Logo Questions Linux Laravel Mysql Ubuntu Git Menu
 

Deleting large hashmaps with millions of strings on one thread affects performance on another thread

So I have this C++ program that basically parses giant dataset files and load contents into hashmap in memory (this part is being throttled in the main thread, so it never goes out of its way to take up giant chunk of time). And when that is done I flipped pointer to the new memory location, and call delete on the old one. Other than that the program is doing incoming request matching by looking up content in those in memory map (on main thread). Suppose those giant maps are wrapped in Evaluator class:

Evaluator* oldEvaluator = mEvaluator;
Evaluator* newEvaluator = parseDataSet();
mEvaluator = newEvaluator;
delete oldEvaluator;

//And then on request processing:
mEvaluator.lookup(request)

The map can contain millions of string objects as keys.

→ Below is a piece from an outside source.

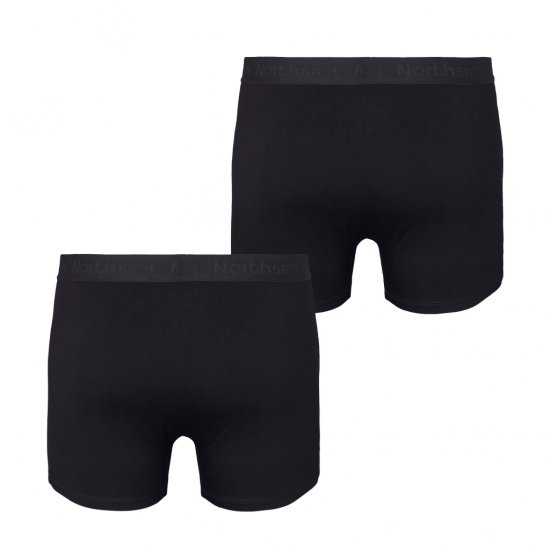 North Latitude Bamboo 2-Pack Trunks Black - Boksarice - Moške Boksarice za Močnejše postave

They're regular strings that could be request attributes like ip, UserAgent, etc but each is a string object inserted into the STL unordered_map.

The dataset is periodically updated but most of the time the program is just doing request attribute matching against the dataset in memory, and it's fine and efficient and no errors, except when bulk consumption of the new dataset happen. The alternative way of consuming this large dataset is to use streaming, but that's a relatively longer term solutions.

It used to be a single threaded program using event driven model but every time a complete new set is placed and destruction is called, it took too long to delete the whole thing and hence blocking the request processing.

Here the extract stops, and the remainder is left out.